# How can I reprogram my Clifford key fob when car is locked and armed?



## ryuuou07 (Nov 26, 2013)

So I guess my key fob battery died completely at some point last night. I replaced it this morning when I found out but I guess it lost the programming. Which leaves me in a tough spot as the car is armed and opening any door will set the alarm off. If that wasn't enough, it also disables my ignition so I can't drive the car anywhere to get it fixed. Help please!


----------



## jprince526 (Oct 31, 2013)

The company who makes the Clifford system is DEI, or Directed. With this link you can input your model # and download a pdf. with all the information you need. Directed - Owner's Guides


DEI installs a relay which is located under the dash below or near the steering column (exact location picked by the installer). It is easy to identify- it is the only relay which intercepts a wire from the ignition switch. Get a flashlight, and find the small bundle of large guage wire coming from the ignition switch. You should find that a wire has been cut in half and run through a relay sometimes its black/white. If you remove the two cut halves from the relay and restore the wire (or its connection temporarily) the car will start regardless of the starter disable. 

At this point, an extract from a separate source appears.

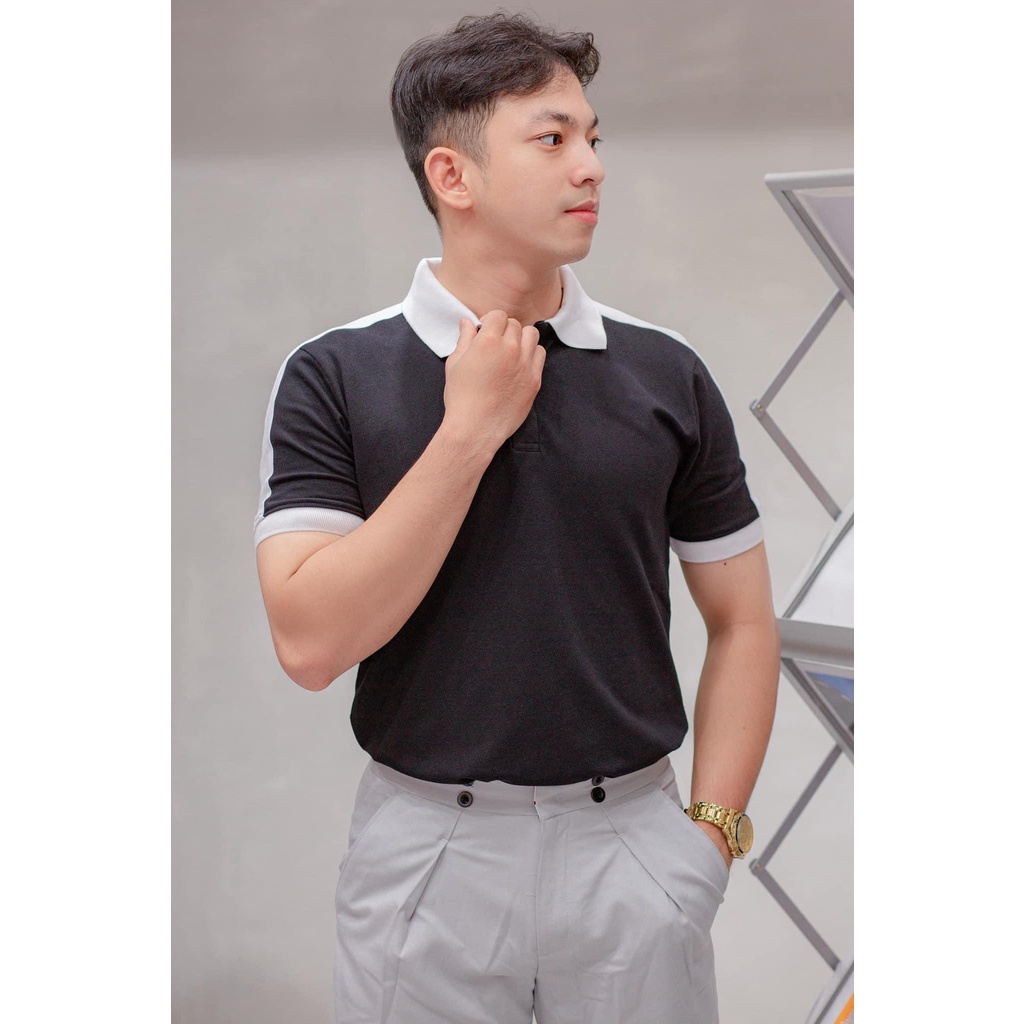ÁO THUN POLO NAM CỔ PHỐI VIỀN VAI VẢI CÁ SẤU COTTON CAO CẤP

As far as getting in, unlock the car with the key, try activating the valet feature. Their will be some form of momentary switch to push. Sometimes in good installs the installer will wire the valet or starter kill interrupt inline with an existing momentary function of the car, ie (headlight high beam flash). You could also pop the hood and pull the fuse, unless the vehicle has a back up battery, then you will need to locate it and pull it out. I would disconnect the audible alert until you get it figured out. It could be as easy as unplugging the siren or difficult as finding the horn fuse/relay and disabling that system.


----------



## ryuuou07 (Nov 26, 2013)

Thank you very much for the information! This is a real PITA because I really don't know anything about the alarm system. I bought the car used and it was already installed.


----------